---------- Collected data

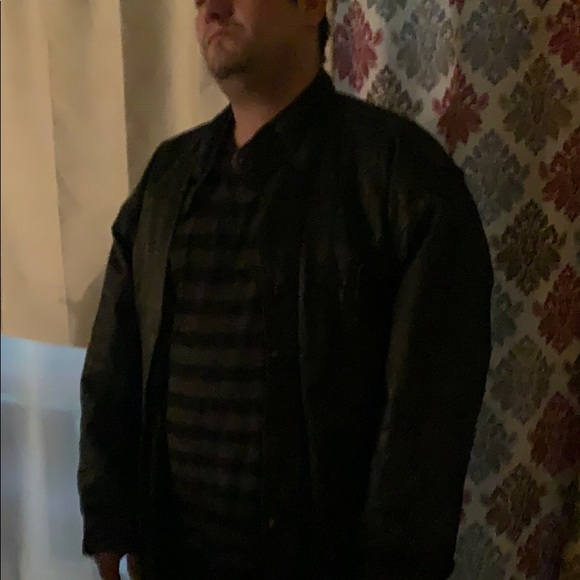 Stefano Men’s Leather Jacket with Nylon Lining SZL - Picture 2 of 6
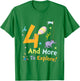 Dr. Seuss 4 and More to Explore Birthday Officially Licensed T-Shirt - T-Shirt | Irish Green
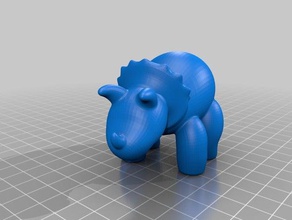 dino-babys tricera Spielzeug & Spiele 3d print model - Mito3D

--------------------

* _What is being asked_
Which lines fall between the one containing "Dr. Seuss 4" and the last line of the listing, both included? Give them again exactly, without the pictures.

* _Solved exercise_
 Dr. Seuss 4 and More to Explore Birthday Officially Licensed T-Shirt - T-Shirt | Irish Green
 dino-babys tricera Spielzeug & Spiele 3d print model - Mito3D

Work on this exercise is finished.